The background facts can be read in detail by following the hyperlink to the case note of the
High Court’s judgment or in brief by following the hyperlink to the case note of the Court of Appeal’s opinion.

The paragraph numbers below correspond to those in the House’s speeches, which the writer considers give a flavour of the thinking behind the House’s unanimous decision to allow the charterer’s appeal.

Lord Hoffmann said:

[6] "The arbitrators, by a majority, found for the owners. They said that the loss on the new fixture fell within the first rule in Hadley v Baxendale (1854) 9 Exch 341, 354 as arising ‘naturally, that is, according to the usual course of things, from such breach of contract itself. It fell within that rule because it was damage ‘of a kind which the [charterer], when he made the contract, ought to have realised was not unlikely to result from a breach of contract [by delay in redelivery]’: see Lord Reid in … The Heron II [1969] 1 AC 350, 382-383."
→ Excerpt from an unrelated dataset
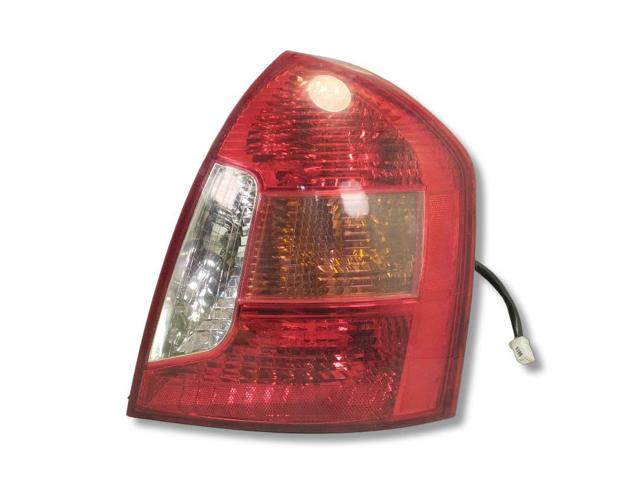 Piloto trasero derecho 924021E020 HYUNDAI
[9] "The case … raises a fundamental point of principle in the law of contractual damages: is the rule that a party may recover losses which were foreseeable ("not unlikely") an external rule of law, imposed upon the parties to every contract in default of express provision to the contrary, or is it a prima facie assumption about what the parties may be taken to have intended, no doubt applicable in the great majority of cases but capable of rebuttal in cases in which the context, surrounding circumstances or general understanding in the relevant market shows that a party would not reasonably have been regarded as assuming responsibility for such losses?"

[10] "There is no case in which the question now in issue has been raised. But that in itself may be significant. This cannot have been the first time that freight rates have been volatile. There must have been previous cases in which late redelivery caused the loss of a profitable following fixture. But there is no reported case in which such a claim has been made. Instead, there has been a uniform series of dicta over many years in which judges have said or assumed that the damages for late delivery are the difference between the charter rate and the market rate… Nowhere is there a suggestion of even a theoretical possibility of damages for the loss of a following fixture."

[12] "It seems to me logical to found liability for damages upon the intention of the parties (objectively ascertained) because all contractual liability is voluntarily undertaken. It must be in principle wrong to hold someone liable for risks for which the people entering into such a contract in their particular market, would not reasonably be considered to have undertaken."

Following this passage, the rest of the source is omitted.